📖

What is Context Window?

A context window is the maximum amount of text, measured in tokens, that a large language model can process in a single interaction. It determines how much input and output the model can consider at once, including the user's prompt, any attached documents, prior conversation history, and the model's own generated response.

A context window is the maximum amount of text, measured in tokens, that a large language model (LLM) can process in a single interaction. It defines the total span of information the model can attend to at one time, including the user's prompt, any attached documents, prior conversation history, and the model's own generated response. When a conversation or document exceeds the context window, earlier content is typically truncated or dropped, which can cause the model to "forget" details it was given just moments earlier.

How a context window works

Before text reaches an LLM, it is broken into tokens, the small chunks (roughly words or word pieces) the model actually reads. The context window is the fixed budget of tokens the model can hold in its working memory at once. If a model advertises a 128,000-token context window, then everything — system instructions, retrieved documents, the full chat history, and the reply being generated — must fit inside that 128,000-token envelope.

Internally, the model uses a mechanism called attention to weigh the relationships between every token in that window. Because every token attends to every other token, the compute and memory cost grows roughly with the square of the window size, which is why expanding the context window is an active area of research. Practical effects show up quickly: a 200,000-token "needle in a haystack" test, where a specific fact is buried in a long document, reveals whether the model can still recall that fact when asked about it later in the prompt.

Why it matters

The context window is the single most important constraint on what an LLM can do in a given turn. A small window forces users to chunk long documents, summarize earlier sections, or rely on retrieval-augmented generation (RAG) to feed in only the most relevant passages. A larger window lets a model ingest whole codebases, long legal contracts, full transcripts, or hours of conversation without losing track of earlier details.

For developers, the window size shapes architecture decisions: how retrieval pipelines are built, how chat memory is managed, and how prompts are designed to stay under the limit. For end users, it is the difference between pasting a chapter into a chatbot and pasting an entire book — and whether the model can still answer a question about page three by the time it reaches page fifty.

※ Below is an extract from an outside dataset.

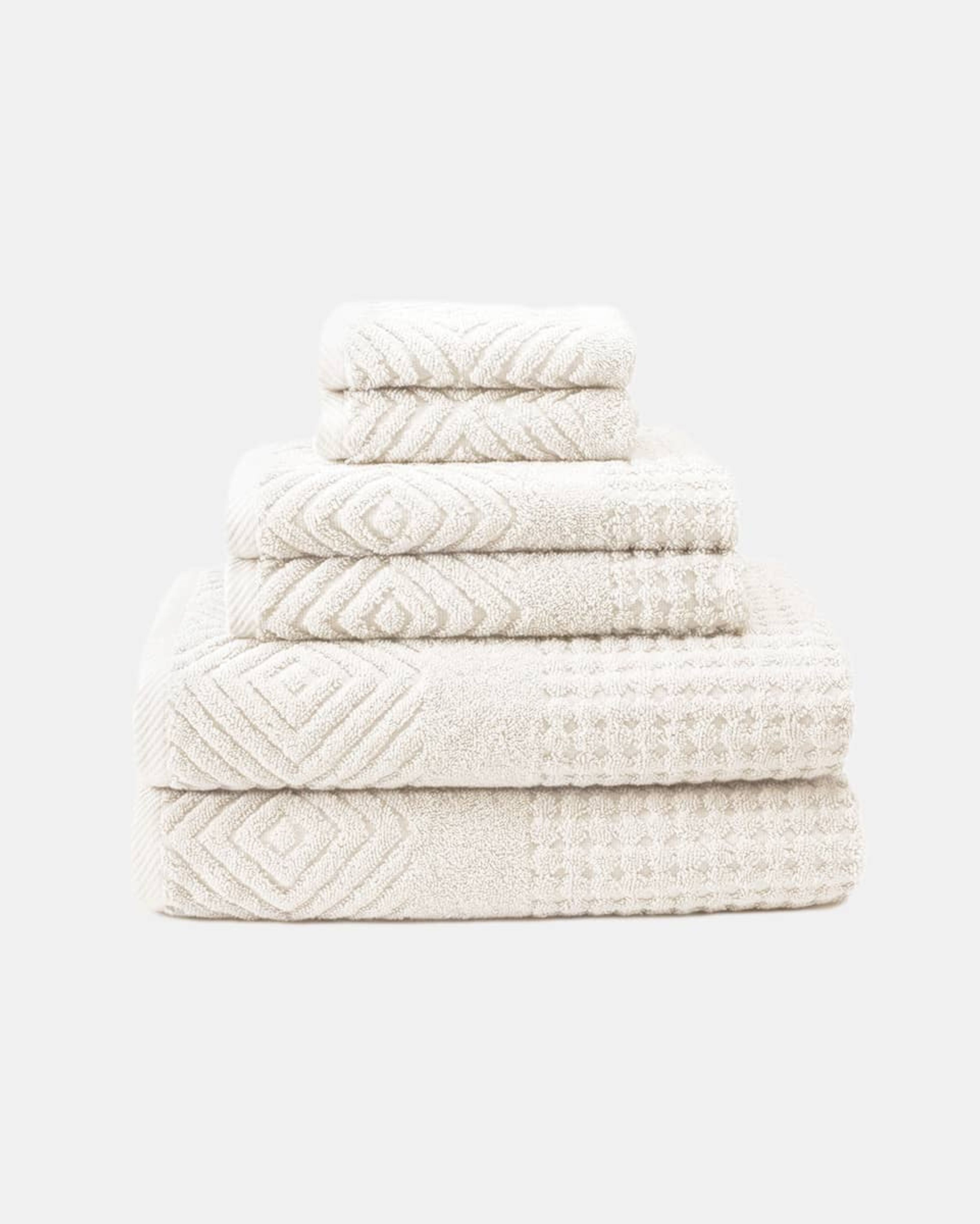 Texere 100% Organic Cotton Diamond Jacquard Towel Set - Cream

Key types and current sizes

  • Short context (2K–8K tokens): the early generation of consumer LLMs, roughly the length of a long email or a few pages of prose.
  • Standard context (32K–128K tokens): common in modern frontier models, enough to hold a full novel, a moderate codebase, or a long meeting transcript.
  • Long context (200K–1M+ tokens): newer "long-context" models that can ingest entire books, multi-file repositories, or multi-hour conversations in one pass.
  • Effective vs. advertised context: the advertised window is the maximum input size, while the effective window is the portion over which the model reliably retrieves and reasons about information. Independent benchmarks often show the effective window is smaller than the advertised one.

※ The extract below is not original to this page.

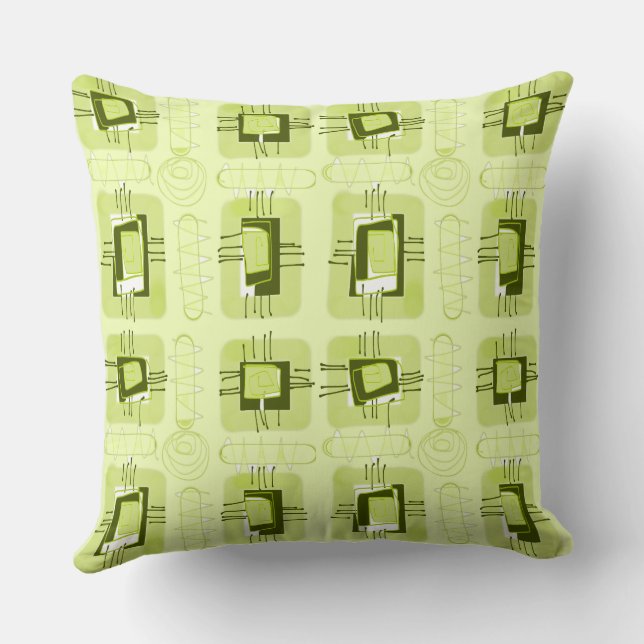 Almofada Matriz Étnica abstrato - Pastel Verde (Verso)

Context windows have expanded dramatically since 2023, but bigger is not always better: longer windows cost more memory, run more slowly, and can dilute the model's focus. For most tasks, choosing a model with a context window that comfortably fits the input is more useful than chasing the largest number on the spec sheet.

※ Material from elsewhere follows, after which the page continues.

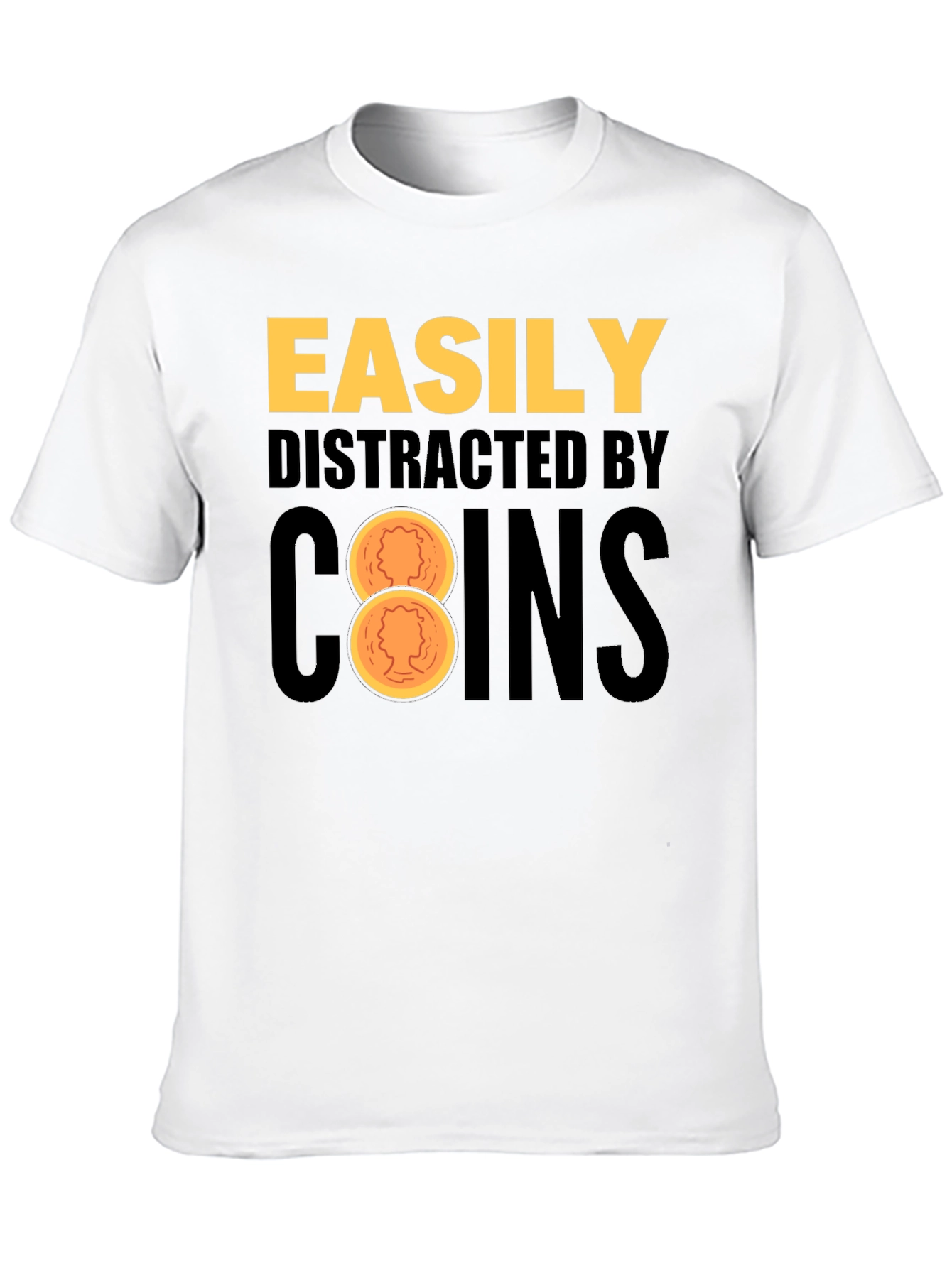 Easily Distracted By Coins Black T-Shirt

Frequently Asked Questions

What happens when input exceeds the context window?
When input exceeds the context window, the model cannot see the excess text. Most APIs and chat interfaces handle this by truncating from the beginning or middle of the input, so the earliest content is lost first. Some systems use summarization or retrieval to compress earlier parts of the conversation so the most recent information still fits.
How many words fit in a context window?
As a rough rule of thumb, one token is about three-quarters of an English word, so a 100,000-token window holds roughly 75,000 words — close to the length of a typical novel. Code and other languages tokenize differently and may consume more tokens per character.
Does a larger context window make a model smarter?
Not necessarily. A larger window lets a model consider more information at once, but reasoning quality, training, and the model's effective recall still matter. Independent tests such as the "needle in a haystack" benchmark often find that models retrieve information less reliably near the edges of very long windows than in the middle.
How is context window different from memory in a chatbot?
The context window is the model's working memory for a single request, while chatbot "memory" usually refers to features that store facts across sessions and inject them into the prompt. Anything stored externally only counts toward the context window when it is actually included in the current prompt.